Classification of Cataract
1. Age-Related (Acquired) Cataract
A. Posterior Subcapsular (PSC)
- Lies just in front of the posterior capsule
- Granular or plaque-like on oblique slit-lamp
- Appears black and vacuolated on retroillumination - the vacuoles are swollen migratory lens epithelial cells (Wedl/bladder cells)
- Located at the nodal point of the eye - profound effect on vision disproportionate to its size
- Patients are troubled by glare and symptoms worsen with miosis (near vision, bright sunlight)
B. Nuclear Sclerotic Cataract
- An exaggeration of normal ageing
- Often associated with myopia (increased refractive index of nucleus) - some elderly patients can read without spectacles again: "second sight of the aged"
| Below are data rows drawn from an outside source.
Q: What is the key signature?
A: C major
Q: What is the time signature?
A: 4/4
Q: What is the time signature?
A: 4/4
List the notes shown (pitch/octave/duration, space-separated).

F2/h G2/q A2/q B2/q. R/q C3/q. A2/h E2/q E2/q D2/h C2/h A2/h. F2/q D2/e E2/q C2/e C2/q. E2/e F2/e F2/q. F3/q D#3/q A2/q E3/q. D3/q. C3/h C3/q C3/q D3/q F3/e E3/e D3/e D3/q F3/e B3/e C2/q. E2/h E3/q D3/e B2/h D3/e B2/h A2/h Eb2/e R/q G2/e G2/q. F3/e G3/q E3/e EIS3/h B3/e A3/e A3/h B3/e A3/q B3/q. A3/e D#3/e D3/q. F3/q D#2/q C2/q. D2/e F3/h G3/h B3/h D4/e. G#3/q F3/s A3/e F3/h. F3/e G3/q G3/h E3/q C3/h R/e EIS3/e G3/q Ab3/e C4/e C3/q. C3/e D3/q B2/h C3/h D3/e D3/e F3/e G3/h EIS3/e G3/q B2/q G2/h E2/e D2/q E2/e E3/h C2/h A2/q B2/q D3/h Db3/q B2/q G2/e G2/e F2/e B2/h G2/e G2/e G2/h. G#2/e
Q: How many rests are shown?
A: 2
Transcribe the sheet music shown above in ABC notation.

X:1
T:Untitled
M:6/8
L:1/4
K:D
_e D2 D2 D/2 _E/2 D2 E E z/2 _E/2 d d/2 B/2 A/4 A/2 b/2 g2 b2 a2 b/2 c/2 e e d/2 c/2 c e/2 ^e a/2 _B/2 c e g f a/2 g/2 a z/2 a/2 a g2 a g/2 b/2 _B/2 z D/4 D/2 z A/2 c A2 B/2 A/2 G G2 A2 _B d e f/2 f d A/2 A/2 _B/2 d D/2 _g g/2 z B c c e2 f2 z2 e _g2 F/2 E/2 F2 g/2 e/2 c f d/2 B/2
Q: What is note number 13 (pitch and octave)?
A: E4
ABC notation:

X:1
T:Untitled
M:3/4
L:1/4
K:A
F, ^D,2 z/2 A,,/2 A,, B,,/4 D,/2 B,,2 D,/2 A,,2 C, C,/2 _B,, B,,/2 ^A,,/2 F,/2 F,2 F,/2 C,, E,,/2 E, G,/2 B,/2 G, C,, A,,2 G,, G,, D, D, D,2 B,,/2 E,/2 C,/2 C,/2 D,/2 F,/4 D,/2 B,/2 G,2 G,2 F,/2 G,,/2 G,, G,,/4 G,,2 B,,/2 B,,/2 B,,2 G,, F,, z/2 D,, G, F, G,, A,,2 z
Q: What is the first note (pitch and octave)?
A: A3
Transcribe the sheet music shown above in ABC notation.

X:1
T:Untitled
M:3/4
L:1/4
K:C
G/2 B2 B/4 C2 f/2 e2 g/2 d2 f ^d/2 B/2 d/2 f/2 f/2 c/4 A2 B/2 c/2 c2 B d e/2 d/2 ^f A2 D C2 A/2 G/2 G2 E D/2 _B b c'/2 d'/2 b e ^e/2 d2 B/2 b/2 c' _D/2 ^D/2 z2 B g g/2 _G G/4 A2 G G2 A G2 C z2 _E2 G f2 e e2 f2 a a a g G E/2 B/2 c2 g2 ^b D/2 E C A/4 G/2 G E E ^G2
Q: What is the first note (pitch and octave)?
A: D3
- Characterised by a yellowish hue from urochrome pigment deposition
- Best assessed with oblique slit-lamp beam
- Advanced stages: nucleus appears brown (brunescent) or, rarely, black
C. Cortical Cataract
- Opacities start as clefts and vacuoles (cortical hydration) → typical cuneiform (wedge-shaped) or radial spoke-like opacities
- Often found initially in the inferonasal quadrant
- Glare is a common symptom
D. Christmas Tree Cataract
- Uncommon
- Polychromatic needle-like formations in the deep cortex and nucleus
E. Advanced Cataract Stages
- Immature: partial opacification
- Mature: complete opacification; nucleus turns white/dense
- Hypermature: shrunken, wrinkled anterior capsule due to water leakage
- Morgagnian: liquefied cortex with the nucleus sinking inferiorly (gravity)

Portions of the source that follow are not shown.